• Assigned task:
Pictures are to be left out; every line from the one with "Tineco Floor One" through the end of the data must be transcribed exactly.

Records from a data collection

---

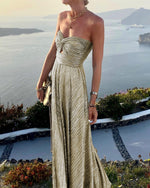 Strapless Sequined Bandeau Party Maxi Dress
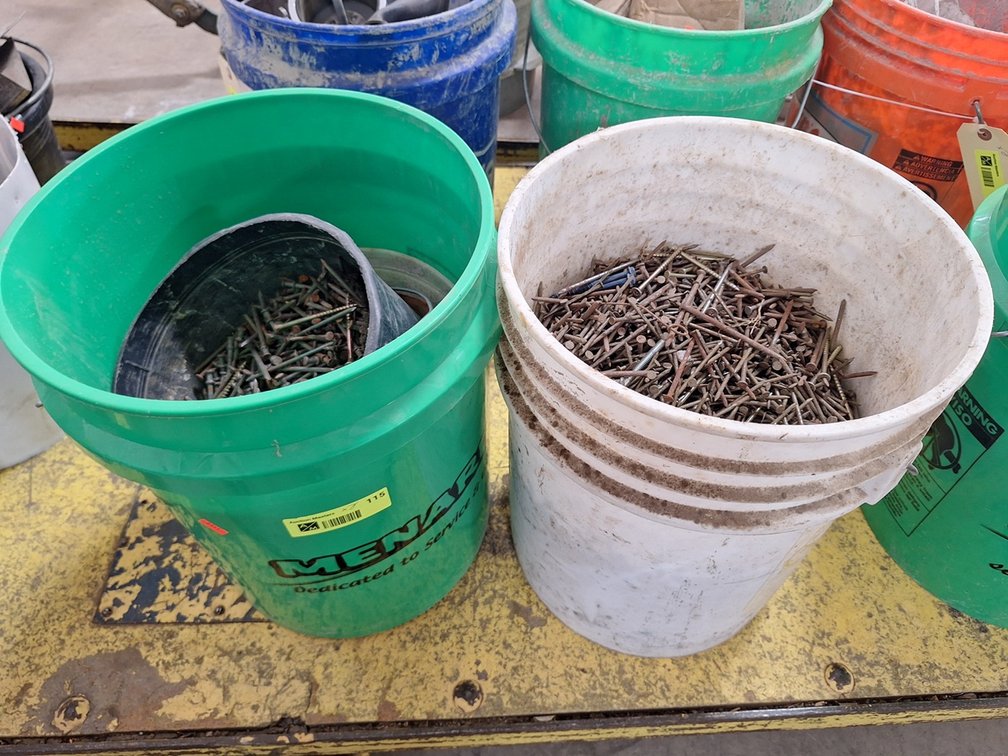 2 Buckets Assorted Nails and Screws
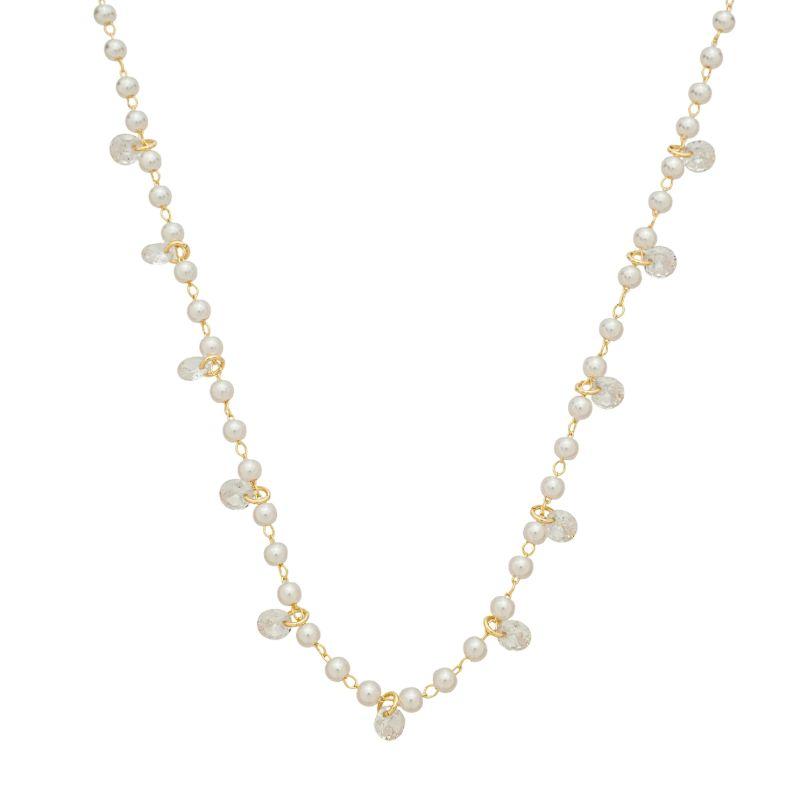 Colar Mini Pérolas e Cristais Ouro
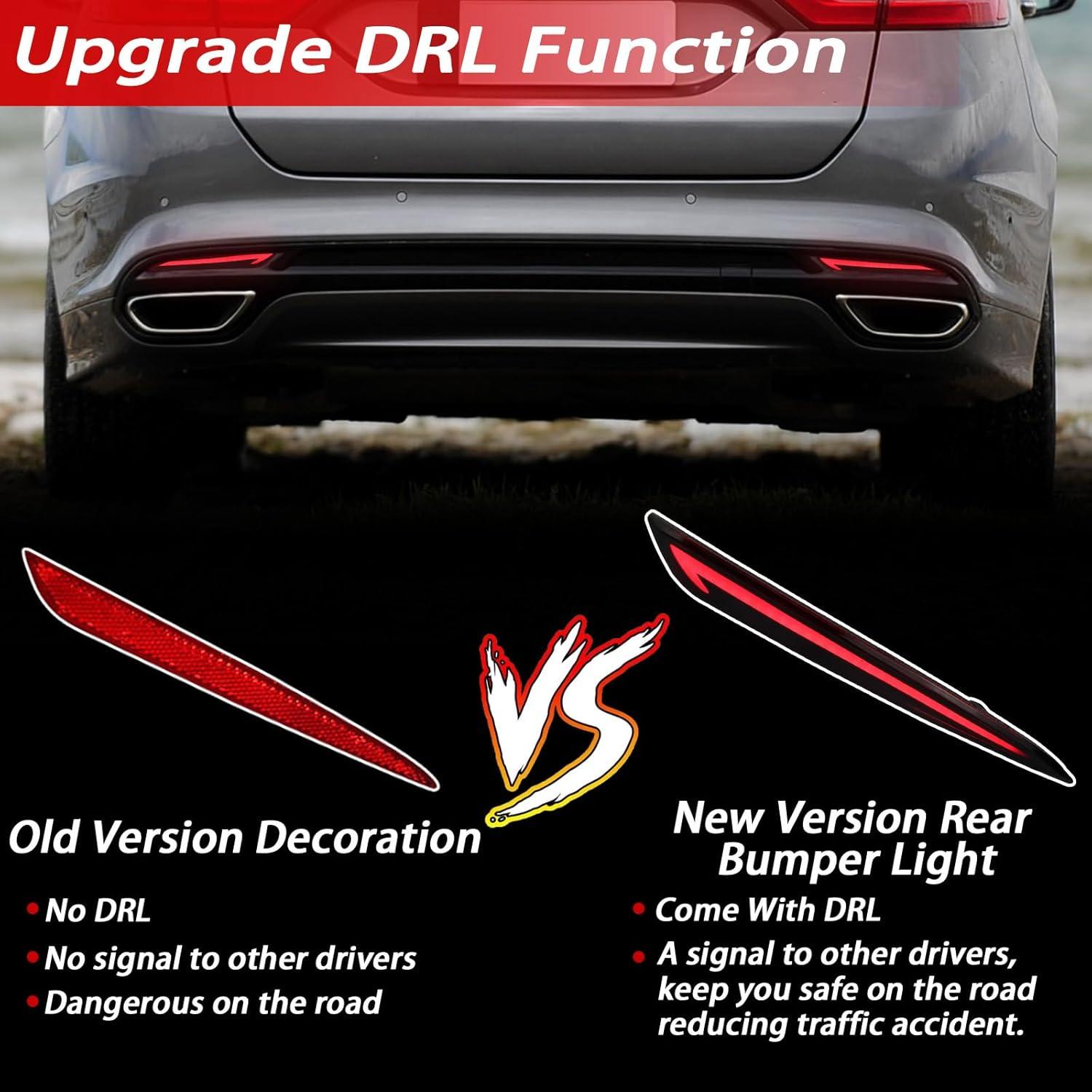 Luz Reflectora LED Trasera BINQIGOO para Ford Fusion 2013-2020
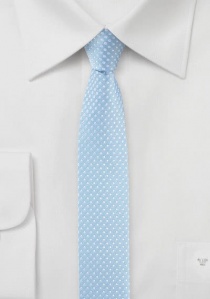 Cravate extra-slim bleu ciel à pois blanc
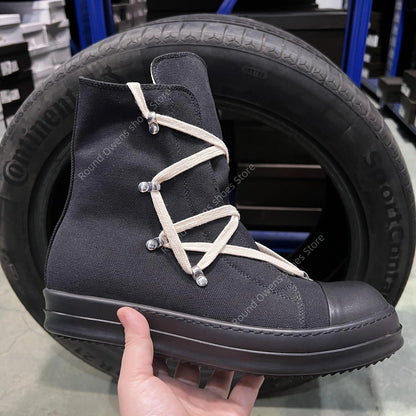 Casual skor män mode par ro hexagon lyx designer tjock sula svarta kvinnor platt zip ankel stövlar hög topp duk sneakers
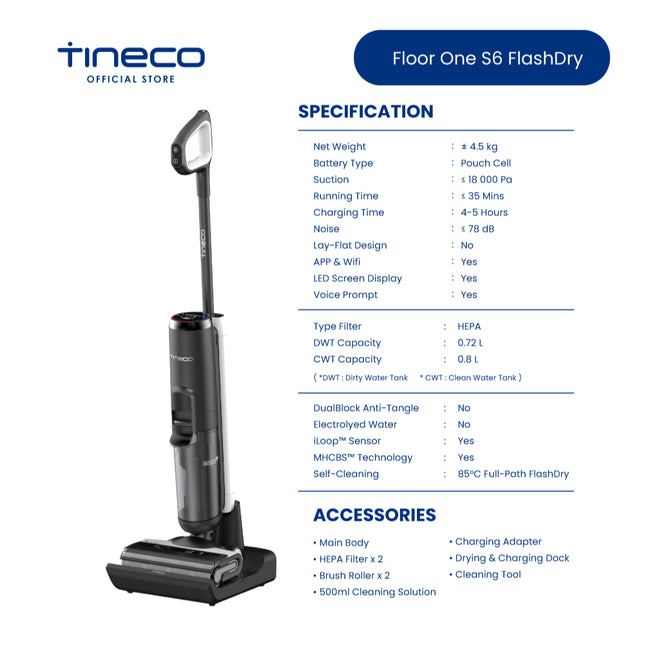 Tineco Floor One S6 FlashDry Wet Dry Vacuum Cleaner Washer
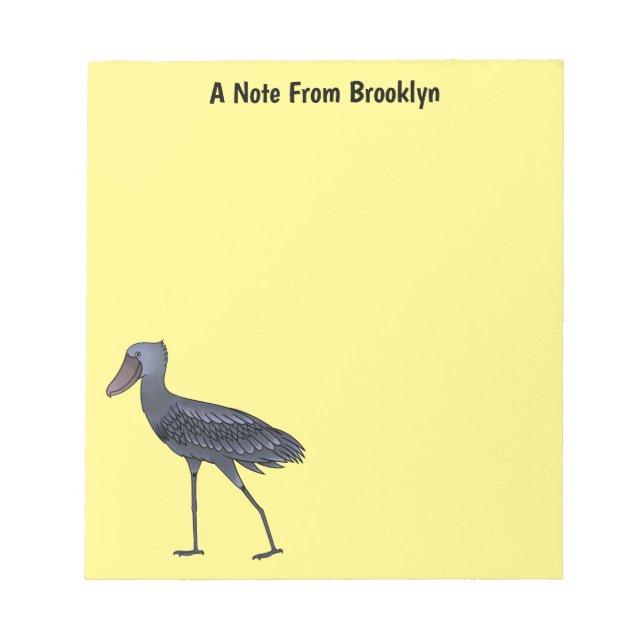 Shoebill bird cartoon illustration  notepad (Front)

---

• Task response:
 Tineco Floor One S6 FlashDry Wet Dry Vacuum Cleaner Washer
 Shoebill bird cartoon illustration  notepad (Front)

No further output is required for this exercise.